▸ **INPUT MATERIAL**:
----

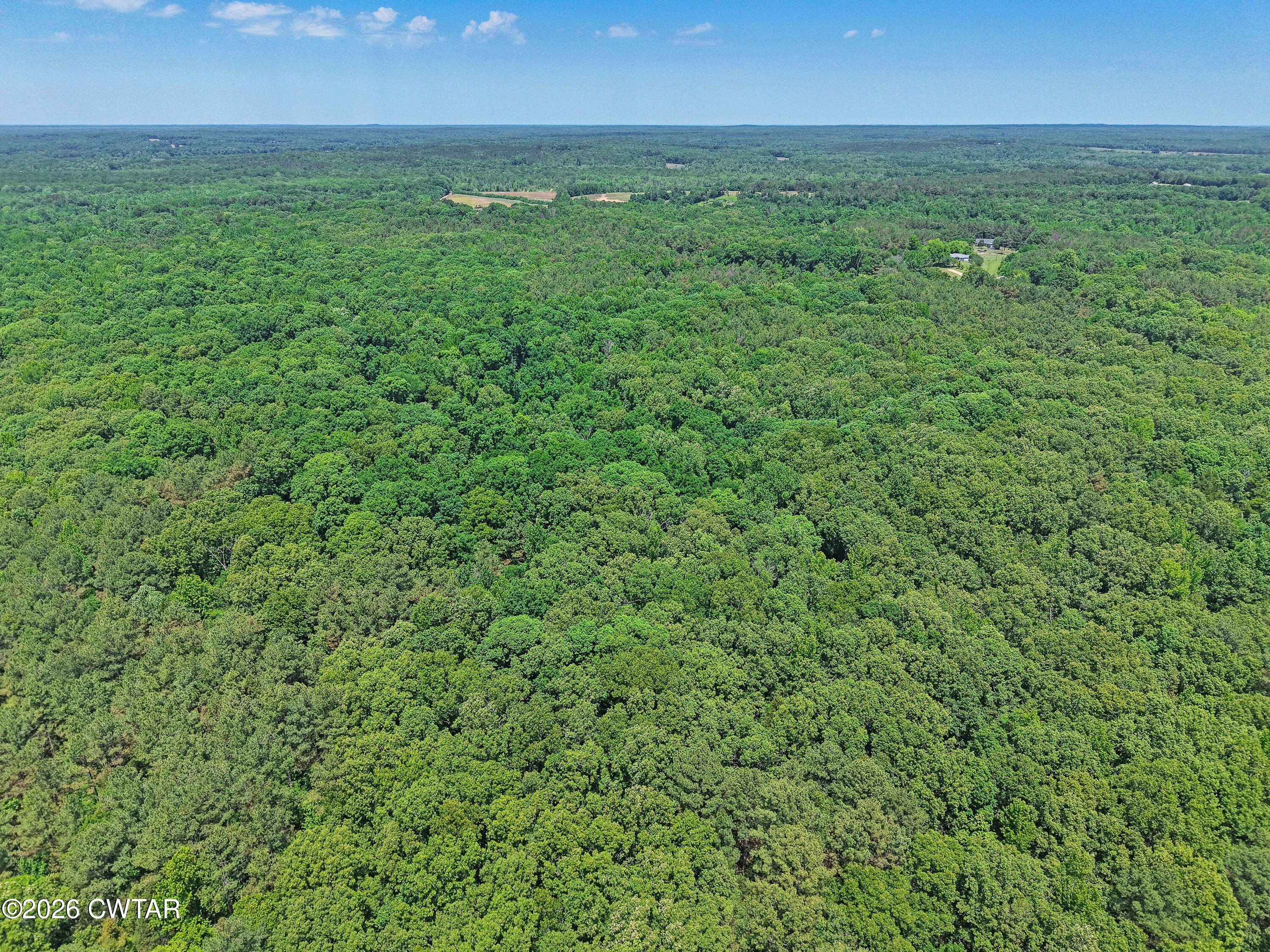 0 Teague Road Toone, TN 38381 - Photo 10 of 25 DJI_20260513125521_0169_D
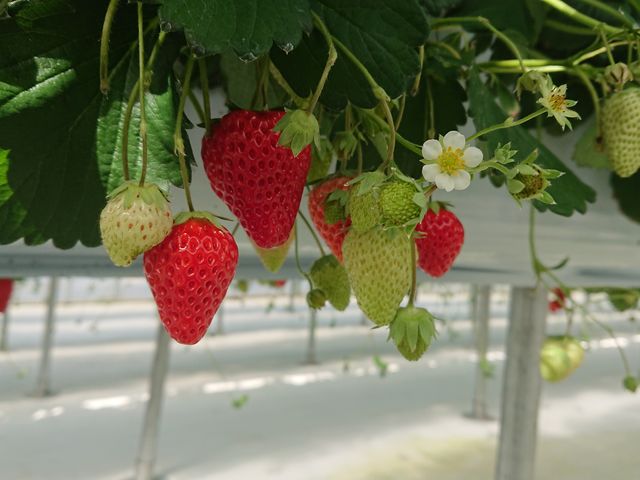 4ނ̃C`S30HוBV[g~ĂYłB_mogberry(Ox[)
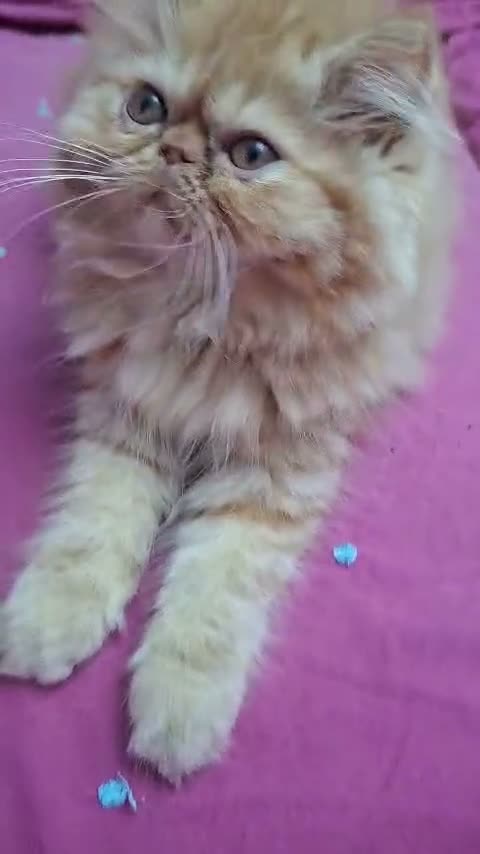 Persa gatos en venta: Persa en Sevilla - Video 1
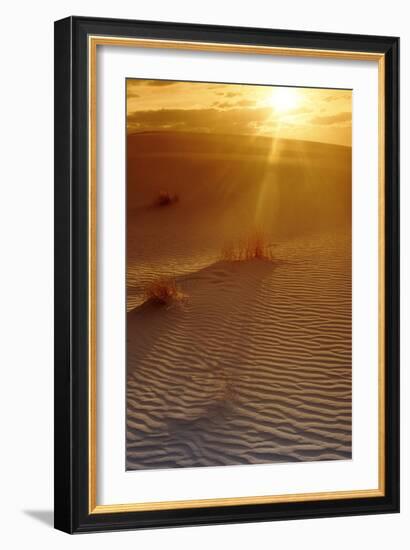 Sunset In the Desert-Tony Craddock-Framed Photographic Print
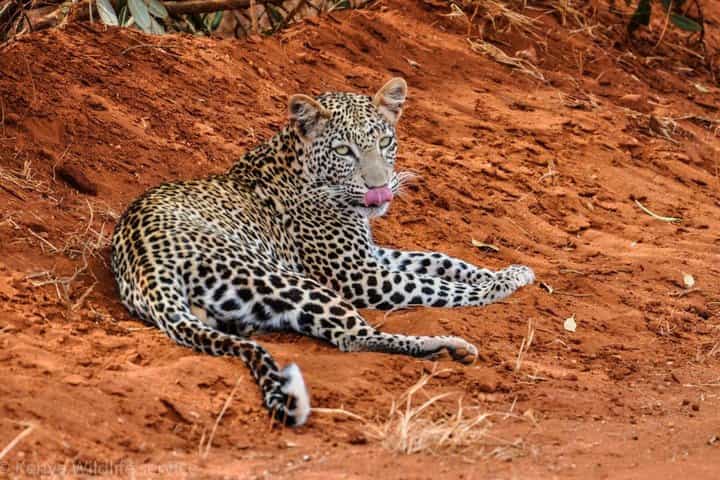 2-Day Mombasa to Tsavo West & Tsavo East Wildlife Safari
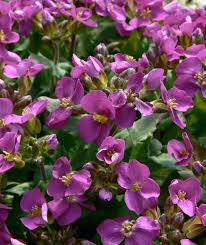 Image result for Arabis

----

A faithful copy of the records above, without images, is what to give back.

 0 Teague Road Toone, TN 38381 - Photo 10 of 25 DJI_20260513125521_0169_D
 4ނ̃C`S30HוBV[g~ĂYłB_mogberry(Ox[)
 Persa gatos en venta: Persa en Sevilla - Video 1
 Sunset In the Desert-Tony Craddock-Framed Photographic Print
 2-Day Mombasa to Tsavo West & Tsavo East Wildlife Safari
 Image result for Arabis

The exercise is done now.